The Chief of Boat (COB), CPO Ali Zahedi, was with Captain Mohtaj, and the Navigation area was occupied by Lieutenant Ashtari Mohammed, a British-born Iraqi whose family had fled the brutal dictator Saddam Hussein in the 1990s. Ashtari was a revolutionary at heart, and he in turn had fled the UK to join Hamas and ended up at staff college in Bandar Abbas.
His skills in the navigation room in a nuclear submarine had been honed at the Chinese Naval training college at Qingdao, 230 miles to the south along the western shore of the Yellow Sea. He had worked on the Barracuda I mission and had been commissioned for this operation because of his outstanding work in the past.
Up on the Barracuda’s bridge, as they ran fair down the channel in dredged but close to alarmingly shallow water, Admiral Ben Badr stood with General Rashood and Lieutenant Commander Shakira. Dead ahead, the eastern sky was colored a deep rosy pink, as the rising sun tried to fight its way over the horizon. The sea was flat, oily, with a distant ruby-red cast in the early minutes of the dawn.
The Chinese tugs, escorting the 8,000-ton nuclear boat out into the Yellow Sea, slowed and turned away to starboard, their officers giving a friendly wave of farewell. The Barracuda was entirely alone now. But the men on board had faced danger together before, and each was confident in the task that lay ahead. Only Shakira, clutching Ravi’s arm in the warm morning air, shuddered involuntarily, as they steered an easterly course, making 12 knots on the surface of waters that were only about 50 feet deep.

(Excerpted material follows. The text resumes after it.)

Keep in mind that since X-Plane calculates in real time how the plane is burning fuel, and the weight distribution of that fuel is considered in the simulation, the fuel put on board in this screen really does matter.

They were in the strictly prohibited area of Liaodong Bay, an 80-mile-long by 60-mile-wide cordoned-off zone stringently patrolled by Chinese Navy ships, way up on the northwest corner of the Yellow Sea.
Shortly before 0730, Admiral Badr went below and ordered a course change to the south, back down towards the choke point 120 miles away. It was too shallow to even go to periscope depth out here. And they were constantly under the observation of their protectors in the Chinese Navy.

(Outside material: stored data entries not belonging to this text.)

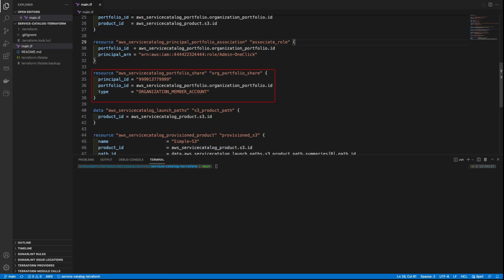Next, we'll share the portfolio with another AWS account or organization node. The Type parameter defines who we want to share the portfolio with. In this case, we want to share this portfolio with a specific account in the organization.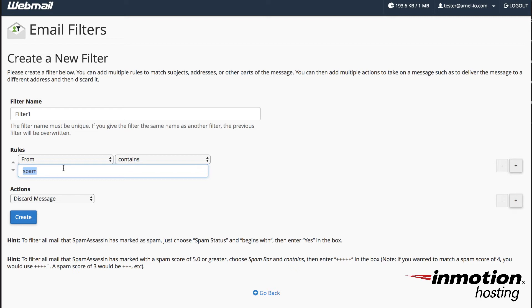If you don't want to see a particular email from some person you can also do that as well. And again you can make it so that you can discard the message.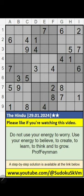Welcome to Sudoku SQVM. I am going to solve the Hindu Newspaper Sudoku, January 29, 2024, 2-star Sudoku.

But the North Sea Fleet of the People’s Liberation Army/Navy were not the only eyes upon them. At 0745, almost immediately after they made their turn, Big Bird, the U.S. military satellite, snapped off several shots of the Barracuda, noting at once its speed and direction. It was almost six o’clock the previous evening in Washington. The photographs from the National Surveillance Office would be on Lieutenant Commander Ramshawe’s desk by eight o’clock his time.

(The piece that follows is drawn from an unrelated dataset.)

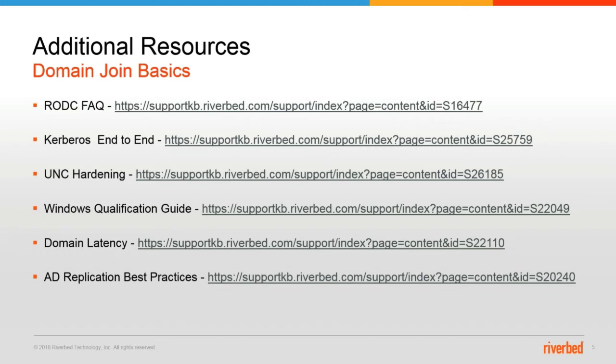UNC hardening is covered in S26185. The next article, S22049, is the Windows qualification guide. You would want to reference this guide to determine what version of RiOS you need to be running depending on the version of Windows OS's that you want to optimize.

By then, of course, the Barracuda would be well into the Bohai Haixia, the Chinese obstacle course that guards the business end of the Yellow Sea. And from there she would dive, running free, just below the surface in depths of around 150 feet, not quite invisible, but close.
Meanwhile, Ravi and Shakira stayed on the bridge as the day grew warmer. Ahmed Sabah brought them coffee, while the rest of the crew carried out their customary daily equipment checks. Admiral Badr huddled in the navigation area with Ashtari Mohammed, poring over the sprawling Navy charts, plotting their way through the myriad islands around the southeast coastline of Japan, their route to the North Pacific.
Lieutenant Commander Ramshawe stared at the photographs of Barracuda II running south down the Yellow Sea. “And where the fuck do you think you’re going?” he muttered to no one in particular.
He was looking at a map reference of 40.42N 121.20E. The NSO had helpfully identified the submarine as the only Barracuda-class boat in existence, exiting the Chinese Naval Base.
This is unbelievable, said Jimmy to himself. We still don’t know who actually owns this damn thing. The Russians refuse to admit selling it to the Chinese, on account of it’s none of our damn business. And the Chinese decline to say anything, presumably for the same reason.